Friday, January 7, 2011

Huge cross marks Stalin purges

Huge cross marks Stalin purges

The cross honours the memory of tens of thousands of Stalin's victims
A giant cross commemorating the victims of Stalinist purges in the 1930s has been erected at a ceremony near Moscow.
The wooden cross - 12.5m high (41 ft) and 7.6m wide (25 ft) - was placed in Butovo, at the site of a former execution ground.

At least 20,000 people were killed there by Stalin's secret police, the NKVD. The first killings occurred exactly 70 years ago.

Hundreds of people attended the ceremony south of the capital.
Events marking the 70th anniversary of Stalin's drive to purge opponents of his regime have been held throughout Russia.

The relatively small-scale ceremonies have been organised by religious or human rights groups rather than the government.



I was seven when my neighbour, a priest, was taken away - he disappeared without a trace

Yulia Shcherbakova, witness of the Stalinist repression
The BBC's James Rodgers in Butovo says the execution ground had previously been a firing range.

It did not seem necessary to change its name after 8 August, 1937, he adds.

Yulia Shcherbakova - now in her 70s - wanted to explain her personal tie to Stalin's terror.

"It's terrifying to think back. I remember people in our small house being arrested - people who lived below and above," she told the BBC.

"I was seven when my neighbour, a priest, was taken away - he disappeared without a trace. And everyone was afraid to mention his name."

Activists' fears

The Siberian pine cross was erected as a centrepiece to a new memorial to Stalin's victims in Butovo.


JOSEPH STALIN'S PURGES
Orchestrated by Stalin in 1930s to cement his rule
5 Aug 1937 - order N00447 for mass executions of "anti-Soviet elements" issued
Targeted Communist Party opponents, but also the army, the intelligentsia and peasants
Hundreds of thousands of people executed by NKVD by 1938
Millions arrested and sent to labour camps
Mass executions end in Nov 1938, but arrests continue until Stalin's death in 1953
Those executed there in 1937 and 1938 included about 1,000 priests, monks and nuns.

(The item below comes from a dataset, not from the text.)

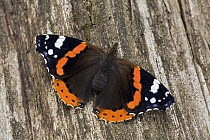 Red Admiral (Vanessa atalanta) butterfly, Europe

No-one knows precisely how many are buried at the site.

The cross was constructed at the Solovetsky Monastery in northern Russia, which was itself turned into a notorious prison camp by the Soviet authorities in the 1920s.

The cross was delivered by boat, and part of its route followed the White Sea Canal, a Stalinist construction project which claimed the lives of thousands of convicts.

Seventy years after what is known as "the great purge", only a few thousand survivors remain.

Human rights groups say they have never been properly compensated, and most struggle to get by on a small state pension.